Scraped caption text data
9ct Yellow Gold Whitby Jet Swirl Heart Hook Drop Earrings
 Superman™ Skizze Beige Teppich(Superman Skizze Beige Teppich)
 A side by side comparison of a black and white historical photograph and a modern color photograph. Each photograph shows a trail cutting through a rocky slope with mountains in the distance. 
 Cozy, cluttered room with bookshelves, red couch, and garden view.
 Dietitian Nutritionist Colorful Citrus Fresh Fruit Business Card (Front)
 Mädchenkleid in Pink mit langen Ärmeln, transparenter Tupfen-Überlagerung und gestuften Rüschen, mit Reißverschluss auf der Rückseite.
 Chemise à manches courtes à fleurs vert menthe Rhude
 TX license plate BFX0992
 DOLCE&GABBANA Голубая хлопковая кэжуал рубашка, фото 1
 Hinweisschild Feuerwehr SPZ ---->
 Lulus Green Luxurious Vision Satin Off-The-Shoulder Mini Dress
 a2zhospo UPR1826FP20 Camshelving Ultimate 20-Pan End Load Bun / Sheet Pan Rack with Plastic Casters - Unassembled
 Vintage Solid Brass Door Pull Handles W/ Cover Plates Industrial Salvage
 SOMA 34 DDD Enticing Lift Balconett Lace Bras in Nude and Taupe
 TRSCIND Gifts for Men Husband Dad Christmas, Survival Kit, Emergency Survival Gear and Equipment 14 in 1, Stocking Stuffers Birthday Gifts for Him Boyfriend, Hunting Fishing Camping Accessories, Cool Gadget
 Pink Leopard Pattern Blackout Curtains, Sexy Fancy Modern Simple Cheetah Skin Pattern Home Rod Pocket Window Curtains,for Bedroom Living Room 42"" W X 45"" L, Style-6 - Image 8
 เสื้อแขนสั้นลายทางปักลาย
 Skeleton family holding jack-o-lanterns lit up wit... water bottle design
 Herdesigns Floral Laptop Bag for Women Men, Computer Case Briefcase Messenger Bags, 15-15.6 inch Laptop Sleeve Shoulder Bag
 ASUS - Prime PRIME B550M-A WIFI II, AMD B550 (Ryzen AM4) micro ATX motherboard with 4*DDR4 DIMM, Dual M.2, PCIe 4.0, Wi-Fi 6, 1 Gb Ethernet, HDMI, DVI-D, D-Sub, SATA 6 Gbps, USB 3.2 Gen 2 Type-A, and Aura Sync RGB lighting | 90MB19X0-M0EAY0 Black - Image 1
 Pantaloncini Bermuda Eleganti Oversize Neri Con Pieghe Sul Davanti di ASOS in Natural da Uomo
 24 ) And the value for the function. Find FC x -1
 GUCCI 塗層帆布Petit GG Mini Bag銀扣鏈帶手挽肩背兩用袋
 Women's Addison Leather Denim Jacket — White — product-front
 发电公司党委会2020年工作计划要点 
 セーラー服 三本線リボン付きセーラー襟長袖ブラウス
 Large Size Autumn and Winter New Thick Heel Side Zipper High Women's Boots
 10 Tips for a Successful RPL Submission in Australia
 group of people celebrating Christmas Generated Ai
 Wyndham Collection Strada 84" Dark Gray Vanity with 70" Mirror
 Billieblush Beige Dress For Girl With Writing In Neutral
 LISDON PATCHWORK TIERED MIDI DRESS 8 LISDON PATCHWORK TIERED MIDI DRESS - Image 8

> [YOUR ASSIGNMENT] Can you write out the lines above, from the first one through the one containing "Skeleton family holding", exactly as they appear and nothing more?

> [ANSWER TO THIS PROBLEM]
9ct Yellow Gold Whitby Jet Swirl Heart Hook Drop Earrings
 Superman™ Skizze Beige Teppich(Superman Skizze Beige Teppich)
 A side by side comparison of a black and white historical photograph and a modern color photograph. Each photograph shows a trail cutting through a rocky slope with mountains in the distance. 
 Cozy, cluttered room with bookshelves, red couch, and garden view.
 Dietitian Nutritionist Colorful Citrus Fresh Fruit Business Card (Front)
 Mädchenkleid in Pink mit langen Ärmeln, transparenter Tupfen-Überlagerung und gestuften Rüschen, mit Reißverschluss auf der Rückseite.
 Chemise à manches courtes à fleurs vert menthe Rhude
 TX license plate BFX0992
 DOLCE&GABBANA Голубая хлопковая кэжуал рубашка, фото 1
 Hinweisschild Feuerwehr SPZ ---->
 Lulus Green Luxurious Vision Satin Off-The-Shoulder Mini Dress
 a2zhospo UPR1826FP20 Camshelving Ultimate 20-Pan End Load Bun / Sheet Pan Rack with Plastic Casters - Unassembled
 Vintage Solid Brass Door Pull Handles W/ Cover Plates Industrial Salvage
 SOMA 34 DDD Enticing Lift Balconett Lace Bras in Nude and Taupe
 TRSCIND Gifts for Men Husband Dad Christmas, Survival Kit, Emergency Survival Gear and Equipment 14 in 1, Stocking Stuffers Birthday Gifts for Him Boyfriend, Hunting Fishing Camping Accessories, Cool Gadget
 Pink Leopard Pattern Blackout Curtains, Sexy Fancy Modern Simple Cheetah Skin Pattern Home Rod Pocket Window Curtains,for Bedroom Living Room 42"" W X 45"" L, Style-6 - Image 8
 เสื้อแขนสั้นลายทางปักลาย
 Skeleton family holding jack-o-lanterns lit up wit... water bottle design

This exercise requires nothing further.